# Mexico: HSR contract awarded to ChinaRailway Construction canceled



## beautifulplanet (Nov 7, 2014)

Just four days ago, many thought it was a big announcement that a high-speed rail line would be built in Mexico between Mexico City and Queretaro (especially since Mexico currently doesn't have passenger rail besides some museum/tourist trains, Mexico City commuter rail, light rail and metro as well as Guadalajara light rail and the Monterrey metro).

The contract to build high-speed rail was awarded to China Railway Construction Corp. and its mexican partners, and the public service was supposed to begin as early as 2018.

Here is a news report from a few days ago:

Chinese-led consortium wins Mexico high-speed rail project
November 3, 2014
By Christine Murray

http://www.theglobeandmail.com/report-on-business/international-business/latin-american-business/chinese-led-consortium-wins-mexico-high-speed-rail-project/article21429186/

Surprisingly only a few days later, the contract has been canceled. A new bidding process is supposed to start:

Mexico cancels China contract for high-speed train line

November 7, 2014

http://www.bbc.com/news/business-29948331



> Rival bids by Germany's Siemens, Canada's Bombardier and France's Alsthom were considered.
> 
> According to reports, the three had asked for more time to prepare their submissions, but the requests were denied. Japan's Mitsubishi also expressed an interest.
> 
> ...




Also interesting is the following aspect of it reported by Bloomberg - that China Railway Construction Corp. did not even receive an official notification yet:



> China Railway Construction tumbled 5.8 percent today, the most since July 2013, to HK$8.02 at the close in Hong Kong. The Beijing-based company said by e-mail that it hadn’t received an official cancellation notice from Mexico.


source:

Mexico Cancels $4.3 Billion China Deal on Doubts Over Bid

November 7, 2014

By By Clement Tan and Nacha Cattan

http://www.bloomberg.com/news/2014-11-07/china-railway-shares-drop-on-report-of-losing-mexico-contract.html

Some might be curious to see how this development continues. With a 2018 public start of operations, this could have been the first 186mph+ high-speed rail service to operate on North American soil, still with the recent events the schedule will be pushed back...


----------



## Anderson (Nov 7, 2014)

My understanding was that the Mexico City-area line was actually only supposed to be running at something like 100-120 MPH (I'd previously seen it listed as about 180 KPH, not 180 MPH; someone probably got the metric/standard stuff backwards, though I have no idea whether that was the earlier report or this one).

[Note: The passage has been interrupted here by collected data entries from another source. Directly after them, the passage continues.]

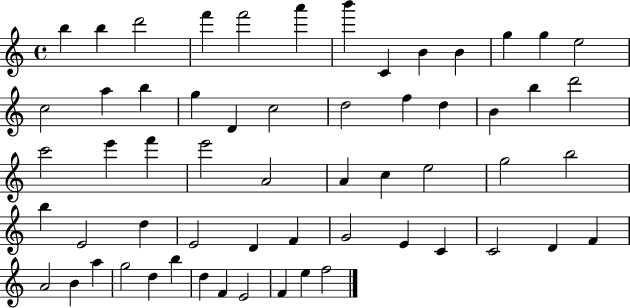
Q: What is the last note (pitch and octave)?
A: F5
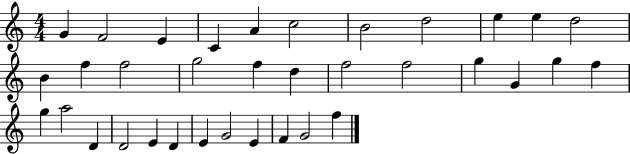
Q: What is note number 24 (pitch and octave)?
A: G5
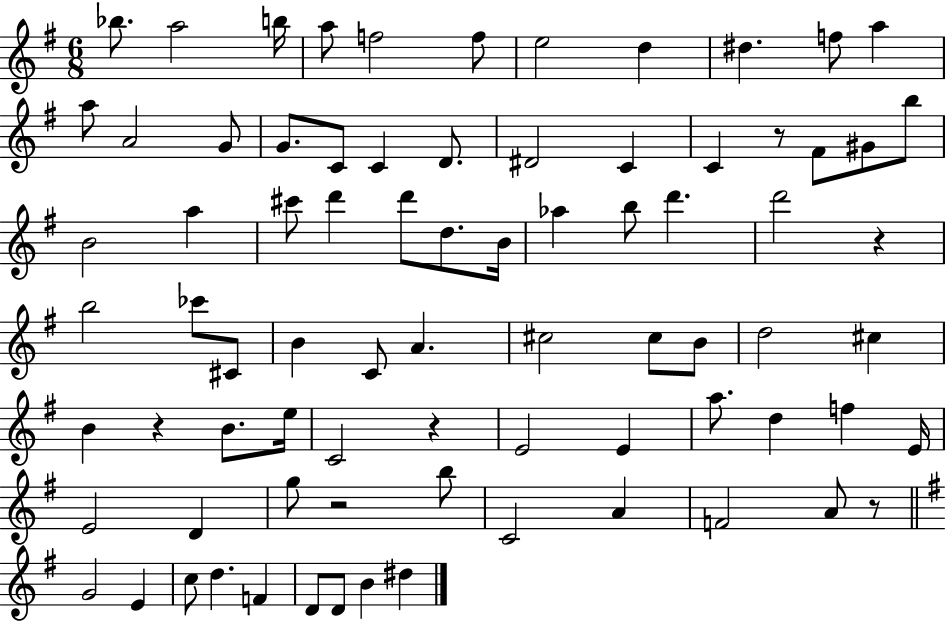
X:1
T:Untitled
M:6/8
L:1/4
K:G
_b/2 a2 b/4 a/2 f2 f/2 e2 d ^d f/2 a a/2 A2 G/2 G/2 C/2 C D/2 ^D2 C C z/2 ^F/2 ^G/2 b/2 B2 a ^c'/2 d' d'/2 d/2 B/4 _a b/2 d' d'2 z b2 _c'/2 ^C/2 B C/2 A ^c2 ^c/2 B/2 d2 ^c B z B/2 e/4 C2 z E2 E a/2 d f E/4 E2 D g/2 z2 b/2 C2 A F2 A/2 z/2 G2 E c/2 d F D/2 D/2 B ^d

It very much came across as a long-haul commuter project rather than a "real" HSR one.


----------



## beautifulplanet (Nov 8, 2014)

Of course it can't be ruled out that the media reports got it wrong. Still it seems like they do speak of high-speed rail rail with a top speed of 186mph connecting the cities of Mexico City and Queretaro within 58 minutes, a distance of about 130 miles.



Anderson said:


> My understanding was that the Mexico City-area line [...]


Surprising to see it being called a Mexico City-area line, as it will connect to a different city with a metro area of more than a million people, outside of the governmental district of Mexico City, located in another state. The Mexico City area already has commuter rail, metro and light rail, while Queretaro currently doesn't have any form of local passenger rail.



Anderson said:


> [...] was actually only supposed to be running at something like 100-120 MPH (I'd previously seen it listed as about 180 KPH, not 180 MPH; someone probably got the metric/standard stuff backwards, though I have no idea whether that was the earlier report or this one).


Sure mistakes in unit conversions do happen sometimes, and the first press report mentioned above uses metric units, speaking of a "210-km line" and "speeds of as fast as 300 km/h". The second press report only says it's a "130-mile rail link" and the third says it will "shuttle 27,000 passengers a day between the capital and the industrial hub of Queretaro City in 58 minutes". Traveling 130 miles in less than an hour, the average speed would have to be higher than 130 mph, so a top speed of 186mph seems about right.



Anderson said:


> It very much came across as a long-haul commuter project rather than a "real" HSR one.


With Queretaro being such an industrial hub, the line probably tries to tap into the market of business people traveling between those cities, just like Texas Central Railway about a 1,000 miles north of it tries to tap into the market of 50,000 people traveling between Houston and Dallas every day. Still both might be considered "real" high-speed rail (at 186+mph, probably many people might call it that), while the schedule might offer more departures during the classic morning and afternoon rush hour times than during the rest of the day. As the schedules and lots of other details does not seem finalized, at least some might be curious to see how things will continue in the next years...


----------



## Paulus (Nov 8, 2014)

Anderson said:


> My understanding was that the Mexico City-area line was actually only supposed to be running at something like 100-120 MPH (I'd previously seen it listed as about 180 KPH, not 180 MPH; someone probably got the metric/standard stuff backwards, though I have no idea whether that was the earlier report or this one). It very much came across as a long-haul commuter project rather than a "real" HSR one.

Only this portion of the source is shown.